1. Key Details of the Contravention
This section summarizes the regulatory action taken by the Reserve Bank of India (RBI) against the bank, based on the findings from the Statutory Inspection for Supervisory Evaluation (ISE 2024).
- Penalized Entity: Tamilnad Mercantile Bank Limited
- Penalty Imposed: Rs. 39.60 Lakh
- Order Date: November 13, 2025
- Statutory Violations: Section 10A of the Payment and Settlement Systems (PSS) Act, 2007, and Section 26A of the Banking Regulation (BR) Act, 1949.
- Specific Charges:
- Indirectly imposing charges on Basic Savings Bank Deposit (BSBD) account holders for Unified Payments Interface (UPI) transactions.
- Failure to transfer eligible unclaimed amounts to the Depositor Education and Awareness (DEA) Fund within the prescribed regulatory period.
2. Root Cause Analysis (RCA)
The root cause for these systemic failures stems from deficiencies in system parameterization and operational governance.
A. BSBD Account Charging Failure:
- System Override Failure: The Core Banking System (CBS) or the payment gateway/switch processing logic failed to correctly identify and apply the mandatory fee-bypass parameter for BSBD accounts during UPI transactions.
- Inadequate UAT: During the integration or update of the UPI system, the User Acceptance Testing (UAT) phase lacked specific, rigorous test cases to verify the zero-charge mandate for BSBD accounts.
- Monitoring Gap: Absence of a dedicated, daily reconciliation report to track and alert Compliance or Operations regarding any charges debited from BSBD accounts.
B. DEA Fund Transfer Delay:
- Process Manualisation: Over-reliance on manual identification, extraction, and reconciliation of accounts/funds eligible for transfer (i.e., inactive for 10 years or more).
- Regulatory Misinterpretation: Lack of clarity or misapplication of the precise periodicity and deadline specified by the RBI for the timely transfer of unclaimed amounts.
- Governance Lapse: Absence of a mandatory, auto-scheduled system sweep or a clear, documented sign-off procedure involving multiple control teams (Operations, Finance, Compliance) to ensure timely submission.
3. Preventive Controls & Corrective Actions
A. Immediate Corrective Actions:
- System Fix and Re-verification: Immediately isolate and fix the CBS/UPI logic to ensure BSBD accounts are unconditionally exempt from all fees on mandated free services. Conduct mandatory re-testing by an independent internal audit team.
- Customer Redressal: Initiate a comprehensive lookback (e.g., three years) to identify all wrongfully charged BSBD customers and ensure full, immediate refund of all debited amounts, along with appropriate compensatory interest.

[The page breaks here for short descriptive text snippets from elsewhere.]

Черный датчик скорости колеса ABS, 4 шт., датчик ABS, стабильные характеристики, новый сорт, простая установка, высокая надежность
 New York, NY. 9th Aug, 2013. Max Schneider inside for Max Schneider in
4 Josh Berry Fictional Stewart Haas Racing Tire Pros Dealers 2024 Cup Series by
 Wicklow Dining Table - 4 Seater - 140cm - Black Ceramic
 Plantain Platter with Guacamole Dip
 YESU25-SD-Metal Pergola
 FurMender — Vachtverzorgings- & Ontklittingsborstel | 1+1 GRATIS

- DEA Fund Reconciliation: Complete the transfer of all currently eligible unclaimed funds to the DEA Fund without further delay and document the execution for the RBI.
B. Long-Term Preventive Controls:
- Automated Compliance Guardrail: Implement a “Hard Stop” in the CBS that prevents any debit or fee posting from a product type designated for regulatory exemption (e.g., BSBD) for specific services.
- DEA Automation & Dual-Control: Introduce a fully automated, system-driven DEA sweep module that runs monthly, not just at the regulatory deadline. Implement a mandatory, multi-level digital approval workflow for the transfer file.
- Enhanced Compliance Testing: Embed compliance scenarios (e.g., BSBD rules, KYC limits, DEA timelines) into the standard project management lifecycle for ‘all’ technology changes and product rollouts (Shift-Left Compliance).
4. Lessons Learnt for the Bank
This penalty underscores three crucial, non-negotiable principles for all banking operations:
- Vigilance on Basic Services: Non-compliance related to BSBD accounts is a severe oversight, as these services are designed for financial inclusion. Meticulous adherence to ‘zero-fee’ mandates for these accounts must be a top priority.
- Governance of Unclaimed Assets: The management of dormant accounts and the timely transfer to the DEA Fund is a critical fiduciary duty. It requires a robust, automated, and strictly scheduled governance process, removing all scope for manual error or delay.
- Proactive Compliance Integration: Compliance must be integrated as a hard-coded check within IT architecture, rather than an external, post-facto audit function. Every new product or channel (like UPI) must be built with regulatory requirements as mandatory foundational features.